═══ DATA FOR PROCESSING ═══

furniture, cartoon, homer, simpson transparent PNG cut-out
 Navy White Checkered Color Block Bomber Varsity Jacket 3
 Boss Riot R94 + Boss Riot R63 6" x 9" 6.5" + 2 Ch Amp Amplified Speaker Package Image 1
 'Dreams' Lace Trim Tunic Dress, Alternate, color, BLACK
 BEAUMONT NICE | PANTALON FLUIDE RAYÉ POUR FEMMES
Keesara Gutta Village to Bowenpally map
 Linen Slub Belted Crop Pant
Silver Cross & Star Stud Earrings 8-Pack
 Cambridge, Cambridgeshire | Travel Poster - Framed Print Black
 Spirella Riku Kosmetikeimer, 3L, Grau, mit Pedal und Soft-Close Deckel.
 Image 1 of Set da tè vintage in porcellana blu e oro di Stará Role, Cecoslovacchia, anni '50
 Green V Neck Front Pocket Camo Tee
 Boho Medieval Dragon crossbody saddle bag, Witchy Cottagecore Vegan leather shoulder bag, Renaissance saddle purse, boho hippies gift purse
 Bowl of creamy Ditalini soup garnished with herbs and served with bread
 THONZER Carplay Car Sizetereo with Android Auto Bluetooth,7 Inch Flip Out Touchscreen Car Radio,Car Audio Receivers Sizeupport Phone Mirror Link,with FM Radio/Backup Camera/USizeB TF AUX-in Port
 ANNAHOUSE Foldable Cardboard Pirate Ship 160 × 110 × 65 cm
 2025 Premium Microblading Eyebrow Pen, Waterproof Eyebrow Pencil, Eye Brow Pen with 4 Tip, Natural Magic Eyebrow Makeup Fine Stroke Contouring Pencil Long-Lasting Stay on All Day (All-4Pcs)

═══

▶ [WHAT THE EXERCISE ASKS]
Among the lines above, please find those with "Image" and copy them.

▶ [TASK OUTPUT]
 Boss Riot R94 + Boss Riot R63 6" x 9" 6.5" + 2 Ch Amp Amplified Speaker Package Image 1
 Image 1 of Set da tè vintage in porcellana blu e oro di Stará Role, Cecoslovacchia, anni '50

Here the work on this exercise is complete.